At the same time, the U.S. economy grew at an annualized GDP expansion rate of 2.9 percent in 2018, its fastest rate in five years. And for the first time in several years, energy consumption outpaced GDP with a 3.3 percent increase. Fortunately for consumers, there was not much of a corresponding increase in retail prices. The Factbook researchers determined that U.S. households spent near-record lows of 1.3 percent of their income on electricity and 0.4 percent for natural gas. In some regions of the country, income percentages earmarked for gas and electric bills were actually flat or declined.
On the downside, transportation was a more worrisome topic. Although an 18 percent drop in the price of lithium-ion batteries helped spur a jump in sales of electric vehicles late in the year, most American car buyers opted for larger gasoline-powered vehicles. At the same time, fuel efficiency in 2017 (the most-recent statistical year available) remained flat.
The all-American car was seen by the panel as part of some overall uncertainty in Washington about future progress on emissions and climate change. The Trump administration pulled the United States out of the landmark Paris Accords in 2017 and last year announced a roll-back of the Corporate Average Fuel Economy (CAFE) from a goal of 54.5 miles per gallon by 2025 to 37 mpg.
“The efforts around relaxing CAFE standards may be the most significant anti-climate move by this administration, even more than Paris,” said Ethan Zindler, Head of Americas at Bloomberg New Energy Finance.
The administration has also complicated the growth of renewables with a tariff on solar panels made in China, which cut into U.S. solar installations in the early months of last year, along with new uncertainty about favorable tax policies that the industry currently enjoys.
However, the panelists looked forward to continuing overall sunny days and tailwinds for renewables. “I am optimistic we are getting to the point where we will have a bipartisan agreement that cutting emissions is a good thing,” said Abigail Ross Hopper, president and CEO of the Solar Energy Industries Association.

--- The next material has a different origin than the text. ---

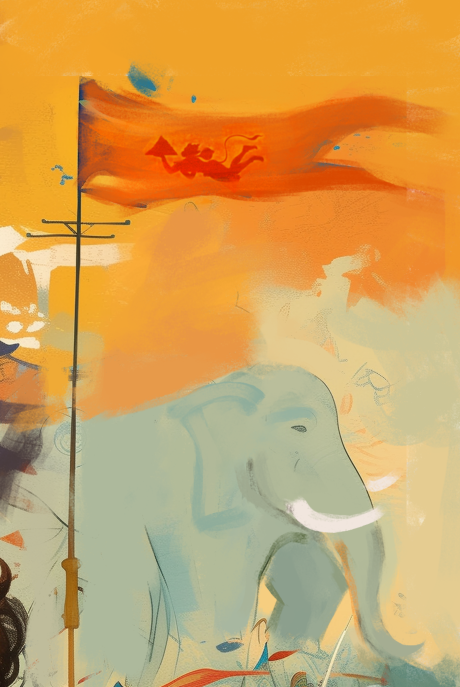 Sri Krishna in the Battlefield of Kurukshetra Poster – 300 GSM Divine Wall Art for Dharma and Wisdom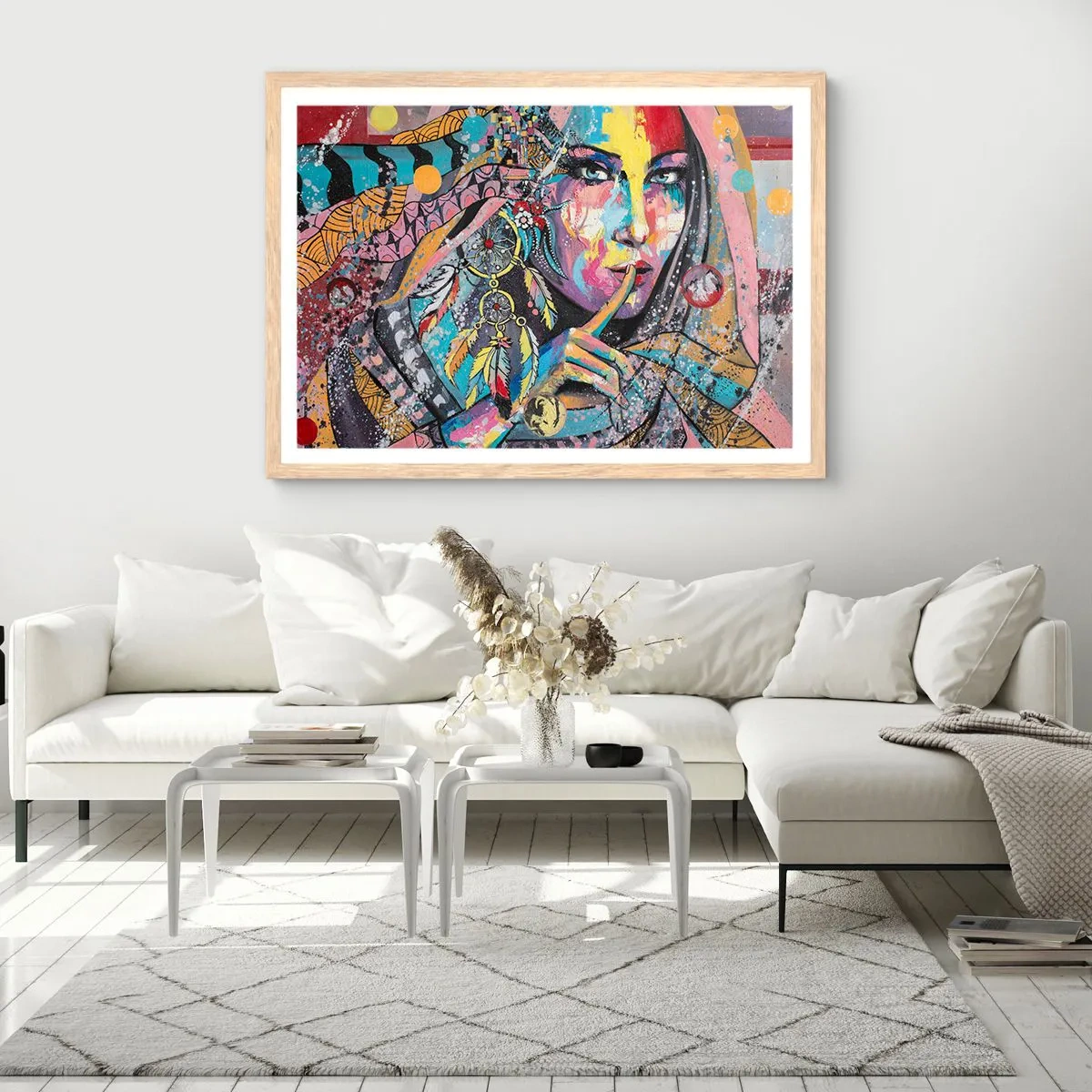 Poster în ramă de stejar deschis - Taci până când înțelegi - 70x50 cm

The panelists indicated that growing consumer demand and commitment from the business community, along with state and local governments, had created momentum that would not be stopped. Solar panel prices continue to fall regardless of tariffs, and a skilled workforce of green-power manufacturers, installers and technicians is becoming established.
Much of the unfinished business for renewables, they said, was largely related to transmission capacity, licensing red tape and rulemaking rather than developing new technologies. “Onshore wind is the cheapest form of unsubsidized energy, and offshore is really taking off and seeing a dramatic reduction of costs,” said Tom Kiernan, CEO of the American Wind Energy Association. “For wind power at least, we don’t need a big tech breakthrough; it’s here now.”